Buzzilla has two main products. The first is Webhose.io which provides businesses worldwide access to structured data from the open web, and the second is the leading brand monitoring system in Israel.
The brand monitoring system
Although Israel is a small country, Israelis usually create complex queries that puts a lot of stress on our servers (this could also be attributed to the complexities of the Hebrew language, but that’s for another post). One of the most popular features of the system, is its ability to send push notifications (usually by email) when a post matches a Boolean query.

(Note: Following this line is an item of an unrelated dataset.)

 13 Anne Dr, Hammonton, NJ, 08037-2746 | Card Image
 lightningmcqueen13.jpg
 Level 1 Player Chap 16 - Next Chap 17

As I mentioned, we use the Elasticsearch Percolator to register our queries (about 3,500 of them) and run each post we crawl against them. We run about 1 million posts a day against those queries and when they match they are sent to our clients. The system is distributed and uses RabbitMQ to pull posts from our crawlers queue.
We made some optimizations in the past, where we didn’t run the Boolean query against a document if we knew beforehand it wouldn’t match. We did that by comparing some properties of the query and the document. For example, if the language didn’t match, there was no need to check the rest of the query.
The problem we faced
At our old configuration, we were able to run about 30 documents per minute against all of our queries per server (and a strong one). As the volume of crawled data and the number of queries grew, we began to have a problem keeping up, at times causing delays of a few hours between crawl time and alert match. We found ourselves adding more and more hardware to try and solve the problem.
What did the trick was to create pre-percolation process, that concatenates multiple posts and runs the queries against the concatenated string (you of course must remove the Boolean NOT clause of the query, I will explain why later on). If there is no match, then great, you just saved time checking each individual post, if there is a match, then bummer, you wasted time checking the concatenated string. Fortunately the former is much more frequent than the latter.
So now I will explain why it worked. Let’s take two phrases, or posts as an example:
- First post: “The quick brown fox jumps over the lazy dog”
- Second post: “This is a quick example since I’m lazy”
The combined text would be: “The quick brown fox jumps over the lazy dog This is a quick example since I’m lazy”
It’s obvious that a query that didn’t match the combined text wouldn’t match its children. So by running the query once against a long chunk of text, we didn’t need to run it against two shorter chunks of text. If on the other hand it did match, we would then need to run it against each post to see which query matched which post. But even then we know which query matched and we wouldn’t have to run all the queries again on each post.
So why is running a query against a large chunk of text faster than running it against two short chunks of text? That’s because we run the query against the index, and the size of the index of the concatenated texts is smaller than the size of each posts index combined:
SizeOfIndex(Post A + Post B) < SizeOfIndex(Post A) + SizeOfIndex(Post B)
Why stop at two posts combined? Why not 100? You can, and should of course concatenate more than two posts, but be careful and remember that once a query matches the concatenated text, you actually wasted resources, as you now need to query against each post (or do a binary search). You want to reach a balance point where your chances to not match are much greater, as on that point your system will be optimized.
I mentioned earlier that you must remove the Boolean NOT clause of the query. If you don’t remove it, you might miss relevant posts. Let’s take the query “quick -example” and run it against the above concatenated text, this of course won’t match as the keyword “example” exists in the text, but it should have matched since the first post matched the query.
That’s it. The solution takes more memory as we are now running two percolators (pre-percolator and the actual alert percolator), but it’s 4 times faster! Hooray!